United States District Court

District of Nevada

Hon. Sharron E. Angle, et al.,

                                Plaintiffs,                 CV-N-03-0371-HDM (VPC)

v.

The Legislature of the State                   ORDER

of Nevada, et al.,

                                Defendants.

    This action having been referred by the Honorable Howard D. McKibben, United States District Judge, to the undersigned as Chief Judge for consideration of assignment to the active United States District Judges of this Court sitting en banc, and the undersigned having conferred with each of the active judges of the court, and having determined that the issues raised in Plaintiffs’ Emergency Application for Temporary Restraining Order and Order to Show Cause Re Preliminary Injunction should be considered in a comprehensive manner by the active District Judges of this Court sitting en banc, and to preserve the status quo pending such en banc consideration, and good cause appearing.

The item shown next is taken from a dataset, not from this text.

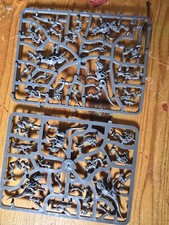 6 termagaunts And 3 Rippers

    IT IS ORDERED that Defendants are hereby temporarily restrained from giving effect to the action on July 13, 2003, by the Nevada Assembly deeming S.B. 6 as “passed,” without the two-third vote required by Article IV, § 18 (2) of the Nevada Constitution, pending hearing on and further Order of the Court regarding Plaintiffs’ Application for Temporary Restraining Order and Order to show Cause Re Preliminary Injunction.

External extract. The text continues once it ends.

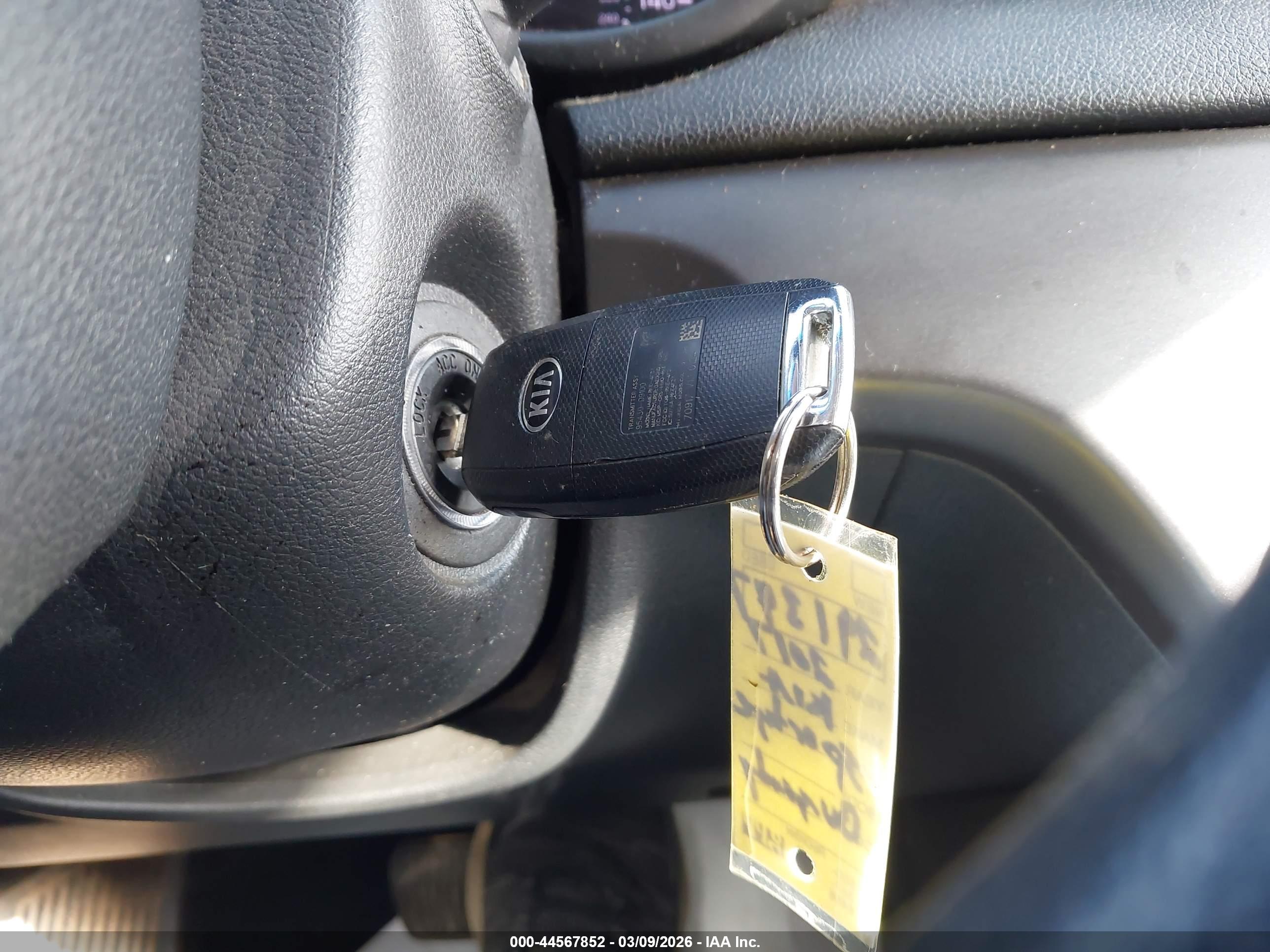 KIA SPORTAGE image 11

    IT IS FURTHER ORDERED that Plaintiffs’ Emergency Application for Temporary Restraining Order and Order to Show Cause Re Preliminary Injunction is hereby scheduled for hearing before the active District Judges of this Court sitting en banc at Las Vegas and Reno, Nevada, to be held on Wednesday, July 16, 2003, at 9:00 a.m. in Courtroom #7C of the Lloyd D. George United States Courthouse, Las Vegas, Nevada and Courtroom #5 of the Bruce R. Thompson United States Courthouse, Reno, Nevada.

    IT IS FURTHER ORDERED that unless otherwise Ordered by the Court, no bond shall be required of Plaintiffs to secure the relief requested.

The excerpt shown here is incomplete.